Yellowrumped honeyguide
Indicator xanthonotus
TAXONOMY Blyth 1842
OTHER COMMON NAMES
English: Indian honeyguide, orange-rumped honeyguide; French: Indicateur a dos jaune; German: Gelbbürzel-Honiganzeiger; Spanish: Indicador Hindú.
PHYSICAL CHARACTERISTICS
5 in (15 cm). Most brightly colored honeyguides. Both sexes adorned with golden caps and more gold on the throat and lower back; female's gold patches not as extensive as male's. Remainder of livery for both sexes is gray and olive-green.
DISTRIBUTION
Foothills of the southern Himalayas, from Afghanistan to Burma.

HABITAT
Forests up to 7,000 ft (2,134 m) above sea level, in coniferous, dry deciduous, and lowland tropical rainforests.
BEHAVIOR
No song has been noted. Instead, males stake out territory in forests near rock cliffs where the preferred honey producers, rock bees (Apis dorsata), build their nests in fissures well off the ground.
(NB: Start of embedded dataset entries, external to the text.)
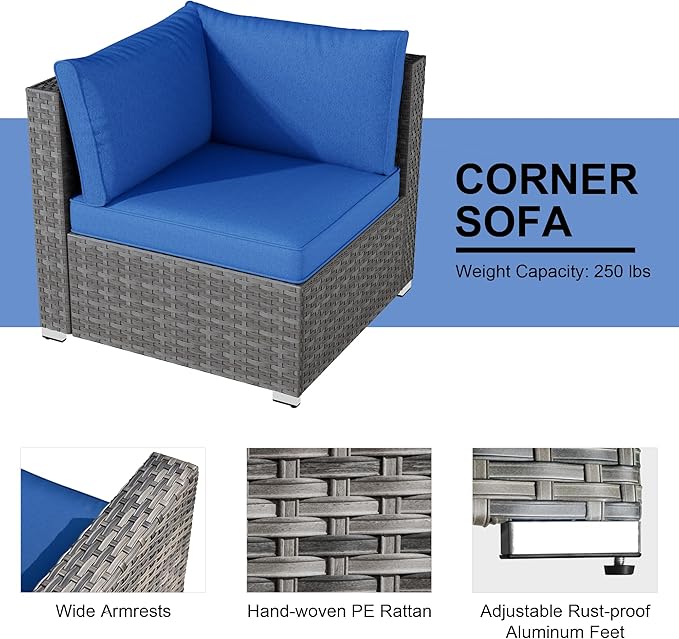 HOOOWOOO Patio Outdoor Sectional Furniture Sofa Set with Swivel Chairs,8 Pieces L Shaped Corner Wicker Rattan Couch Set with Glass Table,Modern 6 Persons Summer Patio Conversation Set(Navy Blue)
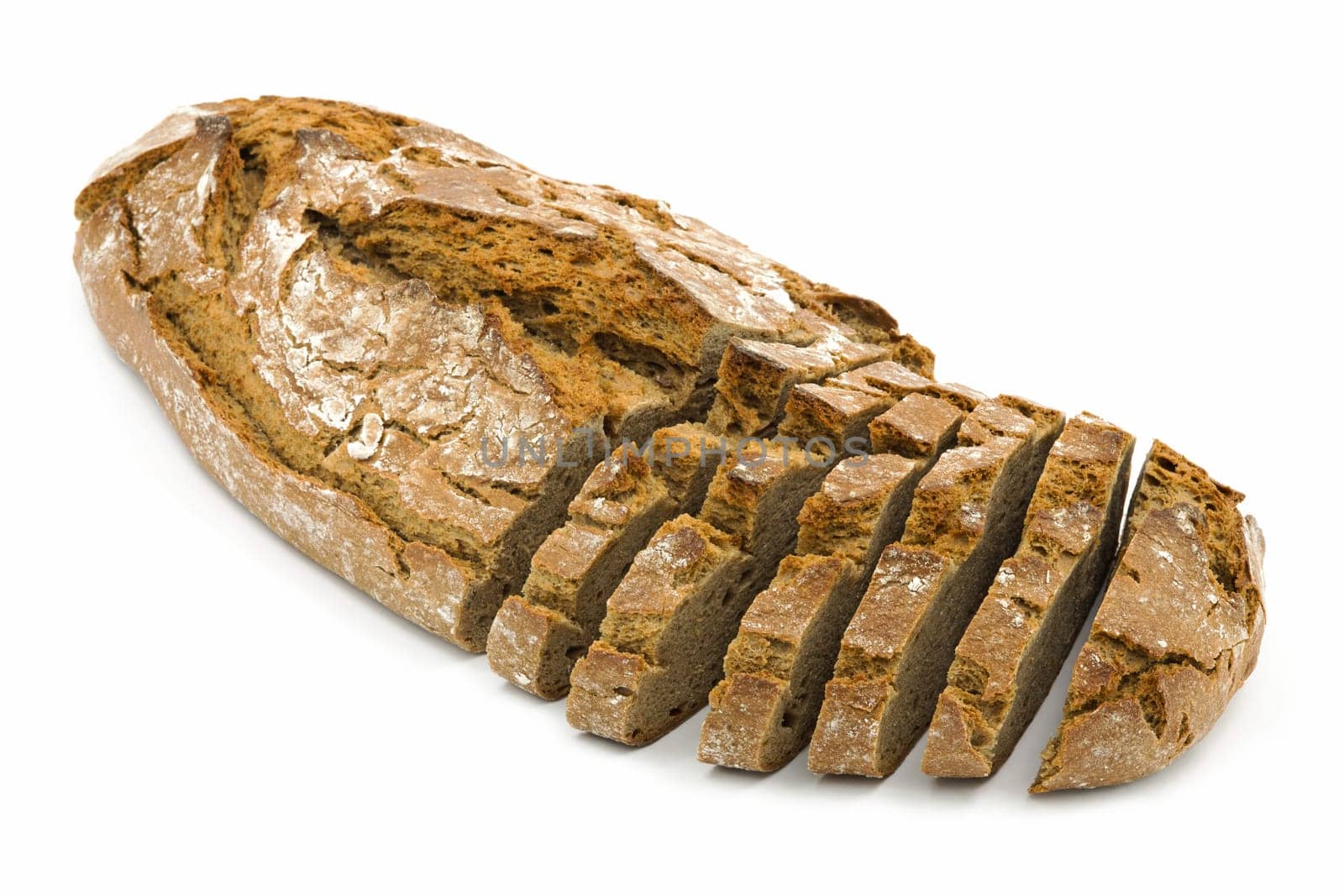 Bread,fresh crispy loaf of bread on a white background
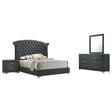 Eastern King Bed 4 Pc Set - Melody 4-piece Eastern King Bedroom Set Grey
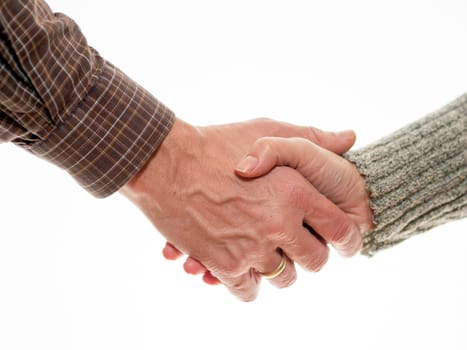 Man and woman shake hands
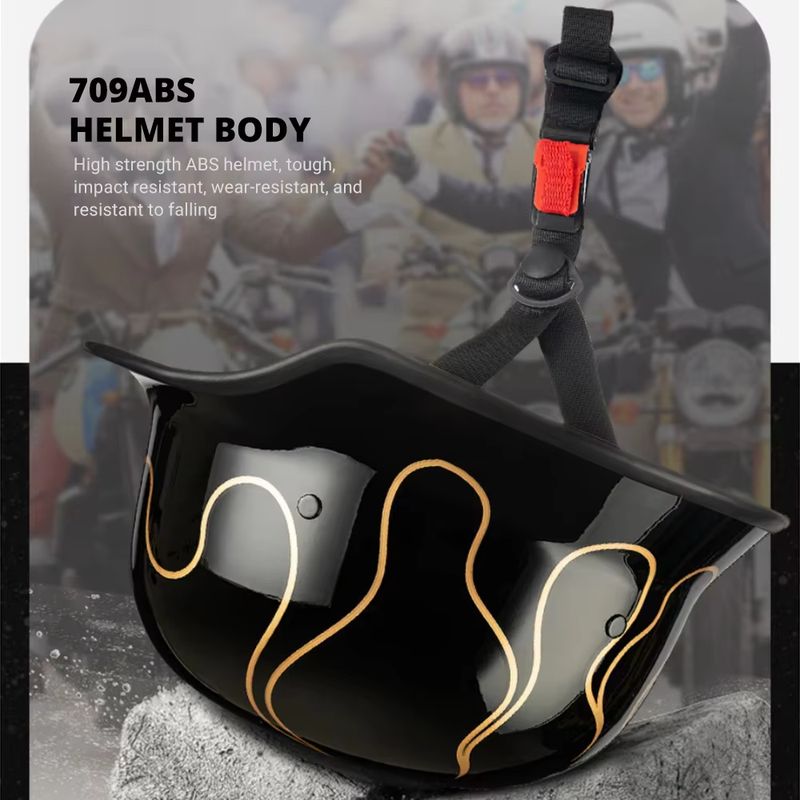 Klassischer deutscher vintage-motorradhelm, retro-halbgesichtshelm für damen und herren, dot-geprüft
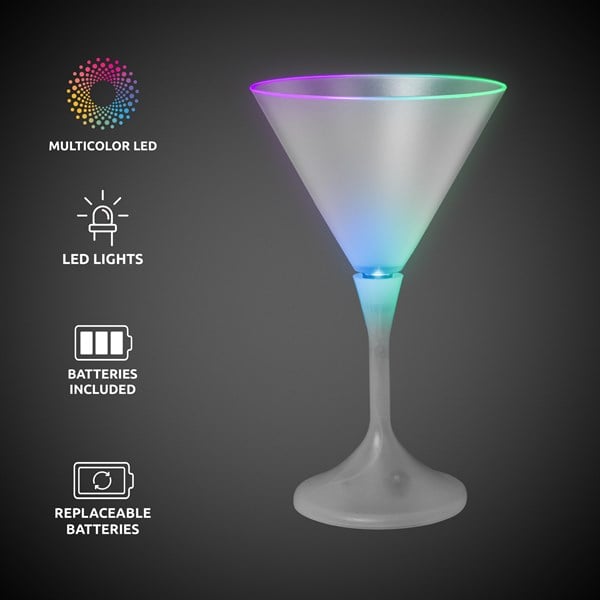 LED Multicolor Light Up 7 Oz Martini Glass With White Stem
Males feed off wax of chosen nest, while guarding and defending the valuable food source against rival males, and enticing females with the promise of food.
FEEDING ECOLOGY AND DIET
Wax and other comb ingredients in rock bee nests; also fly-catch winged insects. Males perch alone in a tree near a honeycomb, erect or hunched, for hours.
REPRODUCTIVE BIOLOGY
Females parasitize local species of woodpeckers and barbets.
CONSERVATION STATUS
Listed as Near Threatened. Threats include deforestation and increased human consumption of rock bee honey.